◆ Your task: Copy, from the material below, each line where "that" shows up.

◆ Input for this task:
____________________

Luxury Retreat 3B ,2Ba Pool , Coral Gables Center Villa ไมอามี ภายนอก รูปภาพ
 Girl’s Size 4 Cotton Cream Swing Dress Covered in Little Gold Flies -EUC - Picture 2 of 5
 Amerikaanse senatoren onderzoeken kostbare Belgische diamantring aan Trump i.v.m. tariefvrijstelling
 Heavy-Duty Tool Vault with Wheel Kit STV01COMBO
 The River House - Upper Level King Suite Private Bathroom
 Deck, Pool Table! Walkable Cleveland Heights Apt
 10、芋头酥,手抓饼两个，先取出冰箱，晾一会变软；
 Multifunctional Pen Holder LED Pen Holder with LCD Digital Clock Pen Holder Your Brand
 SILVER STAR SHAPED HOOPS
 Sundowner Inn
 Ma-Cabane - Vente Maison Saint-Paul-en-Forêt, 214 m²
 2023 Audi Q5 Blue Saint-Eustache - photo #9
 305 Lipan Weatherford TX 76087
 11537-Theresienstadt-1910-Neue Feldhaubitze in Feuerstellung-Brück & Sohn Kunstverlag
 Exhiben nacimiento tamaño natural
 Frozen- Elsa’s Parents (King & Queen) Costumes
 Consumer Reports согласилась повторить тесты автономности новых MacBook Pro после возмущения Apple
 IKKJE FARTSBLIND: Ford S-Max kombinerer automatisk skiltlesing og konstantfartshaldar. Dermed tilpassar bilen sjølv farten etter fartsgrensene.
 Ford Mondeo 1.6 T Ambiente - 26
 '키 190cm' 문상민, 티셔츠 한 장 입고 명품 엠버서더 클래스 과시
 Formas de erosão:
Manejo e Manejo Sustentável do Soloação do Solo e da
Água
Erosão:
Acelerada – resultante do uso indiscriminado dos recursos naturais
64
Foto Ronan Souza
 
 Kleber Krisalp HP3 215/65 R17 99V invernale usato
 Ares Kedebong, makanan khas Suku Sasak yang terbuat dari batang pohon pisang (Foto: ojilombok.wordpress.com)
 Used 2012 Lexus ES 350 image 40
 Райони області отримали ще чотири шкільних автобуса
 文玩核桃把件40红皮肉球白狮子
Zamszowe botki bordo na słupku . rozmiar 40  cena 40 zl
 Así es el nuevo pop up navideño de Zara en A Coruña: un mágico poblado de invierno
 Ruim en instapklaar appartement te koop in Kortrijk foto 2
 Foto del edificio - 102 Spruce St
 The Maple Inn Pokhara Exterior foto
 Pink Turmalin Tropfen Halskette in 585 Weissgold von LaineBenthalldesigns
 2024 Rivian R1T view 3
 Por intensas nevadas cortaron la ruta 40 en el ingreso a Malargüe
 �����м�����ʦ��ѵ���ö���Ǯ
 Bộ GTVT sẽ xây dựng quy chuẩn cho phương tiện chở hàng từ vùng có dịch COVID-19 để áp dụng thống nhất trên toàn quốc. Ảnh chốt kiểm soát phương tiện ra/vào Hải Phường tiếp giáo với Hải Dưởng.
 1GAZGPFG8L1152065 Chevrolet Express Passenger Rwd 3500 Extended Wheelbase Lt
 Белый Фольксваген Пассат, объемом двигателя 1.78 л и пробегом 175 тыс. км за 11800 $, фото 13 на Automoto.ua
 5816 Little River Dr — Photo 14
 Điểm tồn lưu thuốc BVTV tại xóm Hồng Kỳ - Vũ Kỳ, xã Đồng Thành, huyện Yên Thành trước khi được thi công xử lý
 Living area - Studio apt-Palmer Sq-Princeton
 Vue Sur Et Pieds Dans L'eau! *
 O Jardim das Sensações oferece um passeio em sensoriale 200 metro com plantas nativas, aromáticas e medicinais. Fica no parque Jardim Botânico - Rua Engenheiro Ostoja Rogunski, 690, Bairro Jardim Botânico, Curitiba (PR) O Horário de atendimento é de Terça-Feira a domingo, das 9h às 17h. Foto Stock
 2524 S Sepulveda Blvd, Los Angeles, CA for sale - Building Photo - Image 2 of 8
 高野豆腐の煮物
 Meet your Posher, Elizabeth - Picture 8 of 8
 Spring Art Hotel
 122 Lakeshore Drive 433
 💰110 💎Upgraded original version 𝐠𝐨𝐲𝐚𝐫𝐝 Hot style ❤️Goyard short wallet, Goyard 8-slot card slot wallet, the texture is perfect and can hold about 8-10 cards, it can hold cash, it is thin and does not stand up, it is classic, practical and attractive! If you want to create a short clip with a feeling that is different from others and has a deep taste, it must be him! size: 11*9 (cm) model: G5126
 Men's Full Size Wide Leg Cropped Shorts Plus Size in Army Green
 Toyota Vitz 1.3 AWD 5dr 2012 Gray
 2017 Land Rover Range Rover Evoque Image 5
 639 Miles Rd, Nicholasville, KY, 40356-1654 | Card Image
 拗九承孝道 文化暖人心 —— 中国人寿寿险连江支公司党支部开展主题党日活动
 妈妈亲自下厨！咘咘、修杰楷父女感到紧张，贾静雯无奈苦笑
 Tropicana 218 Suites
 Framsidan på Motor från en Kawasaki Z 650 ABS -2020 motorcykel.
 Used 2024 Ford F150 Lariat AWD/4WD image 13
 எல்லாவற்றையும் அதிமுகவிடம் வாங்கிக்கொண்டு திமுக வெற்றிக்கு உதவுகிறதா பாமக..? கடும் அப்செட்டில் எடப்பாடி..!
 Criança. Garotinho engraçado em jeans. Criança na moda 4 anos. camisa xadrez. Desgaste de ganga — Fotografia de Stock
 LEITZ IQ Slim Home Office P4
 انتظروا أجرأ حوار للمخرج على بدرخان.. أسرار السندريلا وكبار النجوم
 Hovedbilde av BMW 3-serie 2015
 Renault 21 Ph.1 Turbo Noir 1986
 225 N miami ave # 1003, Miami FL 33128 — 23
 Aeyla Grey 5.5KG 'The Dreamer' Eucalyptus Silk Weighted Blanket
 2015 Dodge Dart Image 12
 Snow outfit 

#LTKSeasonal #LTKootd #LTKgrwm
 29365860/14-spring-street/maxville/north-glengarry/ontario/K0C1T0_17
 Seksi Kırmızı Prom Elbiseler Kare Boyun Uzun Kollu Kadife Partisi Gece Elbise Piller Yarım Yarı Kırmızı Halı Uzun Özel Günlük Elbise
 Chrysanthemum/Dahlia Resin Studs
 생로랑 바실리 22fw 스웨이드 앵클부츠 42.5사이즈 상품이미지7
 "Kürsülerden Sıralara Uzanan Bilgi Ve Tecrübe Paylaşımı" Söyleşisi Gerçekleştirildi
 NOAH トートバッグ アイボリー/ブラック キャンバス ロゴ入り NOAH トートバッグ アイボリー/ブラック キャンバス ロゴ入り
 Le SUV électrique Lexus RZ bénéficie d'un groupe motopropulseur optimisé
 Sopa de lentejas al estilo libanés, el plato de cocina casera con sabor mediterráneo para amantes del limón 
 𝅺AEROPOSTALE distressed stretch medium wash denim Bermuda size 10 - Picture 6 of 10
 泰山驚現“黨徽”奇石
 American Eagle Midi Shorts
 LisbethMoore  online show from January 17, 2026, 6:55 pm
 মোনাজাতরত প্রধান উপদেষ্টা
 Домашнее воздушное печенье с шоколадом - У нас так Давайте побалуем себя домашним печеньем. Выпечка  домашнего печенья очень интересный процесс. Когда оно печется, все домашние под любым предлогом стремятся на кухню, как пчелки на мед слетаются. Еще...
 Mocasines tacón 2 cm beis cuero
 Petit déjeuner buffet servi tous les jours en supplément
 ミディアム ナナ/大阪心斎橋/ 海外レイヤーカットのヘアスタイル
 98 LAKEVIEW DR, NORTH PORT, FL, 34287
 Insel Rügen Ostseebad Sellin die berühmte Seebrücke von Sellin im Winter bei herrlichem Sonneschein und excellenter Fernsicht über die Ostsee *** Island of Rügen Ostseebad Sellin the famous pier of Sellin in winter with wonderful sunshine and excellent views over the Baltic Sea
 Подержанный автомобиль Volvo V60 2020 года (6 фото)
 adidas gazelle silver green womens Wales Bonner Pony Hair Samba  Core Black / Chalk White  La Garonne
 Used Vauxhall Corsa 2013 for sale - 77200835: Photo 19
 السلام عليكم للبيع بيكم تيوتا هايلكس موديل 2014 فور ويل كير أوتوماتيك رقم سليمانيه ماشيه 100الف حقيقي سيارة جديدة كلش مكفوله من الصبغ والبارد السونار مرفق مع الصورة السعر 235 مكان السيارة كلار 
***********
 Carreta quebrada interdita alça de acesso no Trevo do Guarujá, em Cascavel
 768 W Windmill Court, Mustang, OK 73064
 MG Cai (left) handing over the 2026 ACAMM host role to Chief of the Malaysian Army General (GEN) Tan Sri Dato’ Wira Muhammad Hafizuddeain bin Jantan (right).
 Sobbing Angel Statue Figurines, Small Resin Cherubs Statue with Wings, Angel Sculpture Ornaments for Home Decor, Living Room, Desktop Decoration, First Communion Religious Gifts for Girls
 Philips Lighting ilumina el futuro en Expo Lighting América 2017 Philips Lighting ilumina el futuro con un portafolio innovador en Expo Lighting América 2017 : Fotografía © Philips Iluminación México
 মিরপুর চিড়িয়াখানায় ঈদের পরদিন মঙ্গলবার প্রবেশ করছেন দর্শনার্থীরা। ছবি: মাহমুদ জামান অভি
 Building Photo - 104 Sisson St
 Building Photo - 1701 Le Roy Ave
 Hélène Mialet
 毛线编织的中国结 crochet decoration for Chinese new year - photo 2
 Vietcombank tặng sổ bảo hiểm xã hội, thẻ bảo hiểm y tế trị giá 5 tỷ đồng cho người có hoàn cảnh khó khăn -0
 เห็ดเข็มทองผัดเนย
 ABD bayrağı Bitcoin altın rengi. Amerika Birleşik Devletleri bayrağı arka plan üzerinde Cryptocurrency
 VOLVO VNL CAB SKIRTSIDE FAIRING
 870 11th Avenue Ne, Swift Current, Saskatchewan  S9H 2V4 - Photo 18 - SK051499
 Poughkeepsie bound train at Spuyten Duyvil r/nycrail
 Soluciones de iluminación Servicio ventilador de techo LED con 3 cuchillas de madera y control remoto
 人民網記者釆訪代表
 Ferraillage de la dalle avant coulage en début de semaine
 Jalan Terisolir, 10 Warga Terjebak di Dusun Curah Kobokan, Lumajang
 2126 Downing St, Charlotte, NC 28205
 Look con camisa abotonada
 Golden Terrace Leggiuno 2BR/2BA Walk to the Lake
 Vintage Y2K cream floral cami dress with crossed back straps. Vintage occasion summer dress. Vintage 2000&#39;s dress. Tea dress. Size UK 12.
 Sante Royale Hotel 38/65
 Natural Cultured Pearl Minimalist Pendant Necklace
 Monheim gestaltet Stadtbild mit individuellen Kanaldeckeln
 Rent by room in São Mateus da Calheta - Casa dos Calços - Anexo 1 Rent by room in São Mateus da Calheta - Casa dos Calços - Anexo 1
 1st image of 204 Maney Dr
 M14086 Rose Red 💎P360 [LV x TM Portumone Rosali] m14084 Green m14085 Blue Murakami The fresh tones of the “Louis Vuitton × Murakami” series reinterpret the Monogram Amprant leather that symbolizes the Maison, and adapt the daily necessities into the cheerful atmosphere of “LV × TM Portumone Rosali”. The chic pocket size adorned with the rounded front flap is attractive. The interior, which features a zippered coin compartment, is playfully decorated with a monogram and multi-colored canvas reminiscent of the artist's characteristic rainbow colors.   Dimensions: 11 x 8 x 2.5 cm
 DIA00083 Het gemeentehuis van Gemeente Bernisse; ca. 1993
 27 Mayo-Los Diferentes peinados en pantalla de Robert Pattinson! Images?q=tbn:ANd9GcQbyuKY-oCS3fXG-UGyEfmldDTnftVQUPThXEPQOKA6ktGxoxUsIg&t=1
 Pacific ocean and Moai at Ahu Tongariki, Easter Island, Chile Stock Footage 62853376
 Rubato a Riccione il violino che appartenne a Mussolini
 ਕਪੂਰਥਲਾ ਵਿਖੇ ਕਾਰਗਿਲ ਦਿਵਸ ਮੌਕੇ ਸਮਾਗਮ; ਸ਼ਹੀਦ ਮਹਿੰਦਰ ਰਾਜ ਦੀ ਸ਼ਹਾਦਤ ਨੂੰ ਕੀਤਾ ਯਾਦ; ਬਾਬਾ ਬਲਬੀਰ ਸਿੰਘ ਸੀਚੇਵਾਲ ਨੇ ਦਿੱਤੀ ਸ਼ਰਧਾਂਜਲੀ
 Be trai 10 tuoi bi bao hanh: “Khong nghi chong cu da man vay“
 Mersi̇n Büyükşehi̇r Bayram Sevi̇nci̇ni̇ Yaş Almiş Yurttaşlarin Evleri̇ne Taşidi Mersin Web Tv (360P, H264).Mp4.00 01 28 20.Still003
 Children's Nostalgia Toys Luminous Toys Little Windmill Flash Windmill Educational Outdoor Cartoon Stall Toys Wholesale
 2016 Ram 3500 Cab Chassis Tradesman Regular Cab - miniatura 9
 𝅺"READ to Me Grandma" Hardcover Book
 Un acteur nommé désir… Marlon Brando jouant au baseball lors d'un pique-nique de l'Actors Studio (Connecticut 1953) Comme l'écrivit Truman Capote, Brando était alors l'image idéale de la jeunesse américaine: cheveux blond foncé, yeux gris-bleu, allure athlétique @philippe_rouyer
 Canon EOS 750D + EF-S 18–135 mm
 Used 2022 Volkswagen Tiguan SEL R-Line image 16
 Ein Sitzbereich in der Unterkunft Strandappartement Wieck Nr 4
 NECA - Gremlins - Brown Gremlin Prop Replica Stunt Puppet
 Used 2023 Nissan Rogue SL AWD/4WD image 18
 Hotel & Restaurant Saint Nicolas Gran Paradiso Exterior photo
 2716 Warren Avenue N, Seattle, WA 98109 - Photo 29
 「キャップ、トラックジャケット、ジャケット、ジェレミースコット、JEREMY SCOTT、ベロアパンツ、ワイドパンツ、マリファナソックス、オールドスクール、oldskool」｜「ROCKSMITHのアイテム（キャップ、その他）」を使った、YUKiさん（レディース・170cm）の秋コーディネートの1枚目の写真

____________________

◆ Exercise response:
 💰110 💎Upgraded original version 𝐠𝐨𝐲𝐚𝐫𝐝 Hot style ❤️Goyard short wallet, Goyard 8-slot card slot wallet, the texture is perfect and can hold about 8-10 cards, it can hold cash, it is thin and does not stand up, it is classic, practical and attractive! If you want to create a short clip with a feeling that is different from others and has a deep taste, it must be him! size: 11*9 (cm) model: G5126
 M14086 Rose Red 💎P360 [LV x TM Portumone Rosali] m14084 Green m14085 Blue Murakami The fresh tones of the “Louis Vuitton × Murakami” series reinterpret the Monogram Amprant leather that symbolizes the Maison, and adapt the daily necessities into the cheerful atmosphere of “LV × TM Portumone Rosali”. The chic pocket size adorned with the rounded front flap is attractive. The interior, which features a zippered coin compartment, is playfully decorated with a monogram and multi-colored canvas reminiscent of the artist's characteristic rainbow colors.   Dimensions: 11 x 8 x 2.5 cm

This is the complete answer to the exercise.